On the day he was to have married he assaulted Mary McLachlan. She knew him slightly although not by name. Although he threatened Mary Maclachlan it is unclear whether he raped her.  There is a suggestion that he gained satisfaction by terrifying his victims. He was allowed to conduct his own defence.  The verdict was: “Not Proven.”  This convinced Peter Manuel that he could get away with anything, that he was simply cleverer than the authorities.  Peter Manuel’s gargantuan self belief accounts for his further actions.  It boosted his already considerable sense of immunity and self-importance.

A seventeen year old girl called Anne Kneilands was murdered on a golf course in East Kilbride on 2 January 1956.  She had been “criminally assaulted”, meaning that there was a sexual element in the crime.

The Watt family lived at 5 Fennsbrook Avenue in Burnside on the South side of Glasgow.  William Watt had gone for a fishing trip and was staying near Lochgiphead ninety miles from his home.  Mrs Marion Watt, her daughter 17 year old Vivienne and her sister Margaret Brown were found shot dead in their home.  Immediately the investigators suspected William Watt.  Their suspicions strengthened when two witnesses identified Mr William Watt driving to his home.  One witness went so far as to identify Mr Watt, his car and his dog.  The investigators employed a driver to demonstrate that Mr Watt could have driven from his hotel, killed his family and returned to his hotel without being missed.  Mr William Watts had no history of violence.  One problem was that the fuel in the car was not compatible with a round trip of nearly two hundred miles.  The investigators theorised that Mr Watt had hidden the fuel on the road and refilled his car.

Mr Watt was charged and spent 67 days in Bairnlinnie Prison.  It is a sobering thought that he could have been hanged on the identification evidence.  It was widely believed that he was guilty.

Eventually Mr Watt was released.
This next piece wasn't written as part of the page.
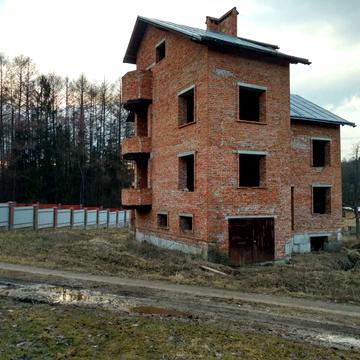 Лесі Українки, 13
Peter Manuel contacted Mr Watt’s solicitor saying that he had information about the murder from his criminal contacts.  What followed defies imagination.  Peter Manuel and William Watt had a series of meetings in which the crime was discussed and Peter Manuel claimed the crime had been committed by criminal acquaintances.

On Sunday 8 December 1957 a taxi driver called Sydney John Dunn shot dead at an isolated spot in County Durham.  He had driven a passenger from Newcastle earlier that morning.  Peter Manuel had been attending an interview at Newcastle.
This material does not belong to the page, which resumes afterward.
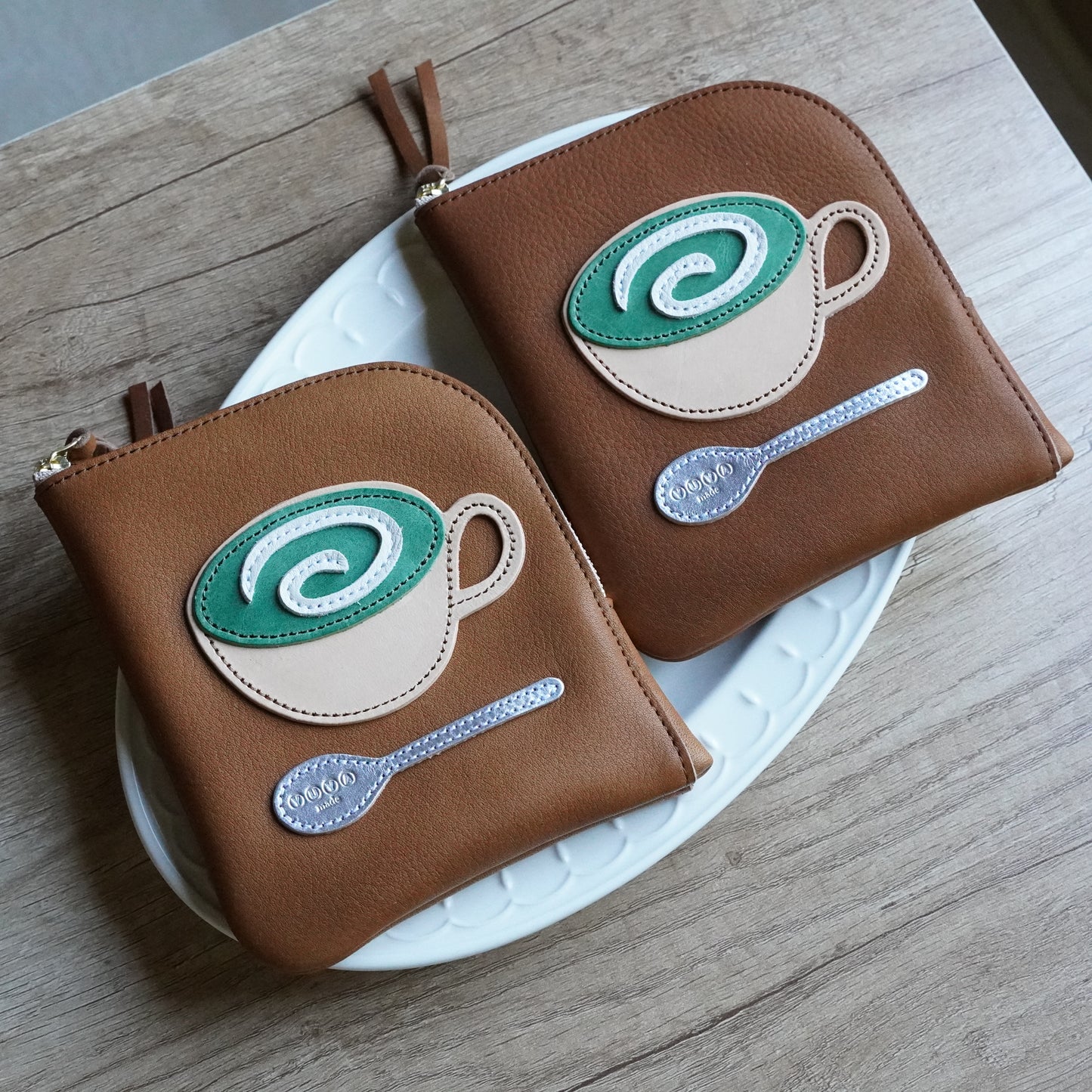 抹茶オレ&スプーンのL字ポーチ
17 year old Isabelle Cook disappeared in December 1957.  Her body was found on 16 January 1958. Peter Manuel lived close by.

On the 6 January 1958 the bodies of Peter Smart, Doris Smart and their son Michael aged 10  were found all shot in the head at their home at 38 Sheepburn Road.  They lived within walking distance of where Peter Manuel lived.  The were killed on January 1st.  Somebody had opened and closed the curtains and fed the cat whilst the dead bodies lay in their beds.  Peter Manuel had attended family parties  during this time and he had treated his family and friends.

Eventually missing notes were traced to Peter Manuel and he was arrested and charged.  He was charged with eight murders.  He offered to confess to spare his family pain.

After the beginning of the trial he dismissed his legal representatives and took over his own defence. The charge of murdering Anne Kneilands was dropped because of lack of evidence.   In some respects he conducted his defence with skill.  He revived the original investigators’ idea that William Watt had murdered his family and if this were the only crime he might have caused enough confusion to be acquitted.  He skilfully blended fact and fiction.

It was probably with some gratification that he heard the judge compliment him on his defence which was offset by the fact that he was sentenced to death.  His appeal failed and he was hanged by Harry Allen on 17 September 1958.  When the advocate was presented with evidence that Peter Manuel had an abnormal personality he expressed the view that Peter Manuel was: “Simply a bad man.”

There are unanswered questions.  Did Peter Manuel murder the taxi-driver Sydney Dunn?  The case that he did was that he was in the area at the time.  The case against: why would Peter Manuel murder Sydney Dunn  miles from any means of transport and how did he get away?  Numerous other crimes have been blamed on Peter Manuel.  He was the most dangerous kind of killer, abnormal enough to commit pointless crimes but normal enough not to draw attention to himself.

Peter Manuel is surely the oddest character to have worked in the Golden Mile at Blackpool.  In the theatre of the imagination we  can visualise him serving an ice-cream to the young Myra Hindley.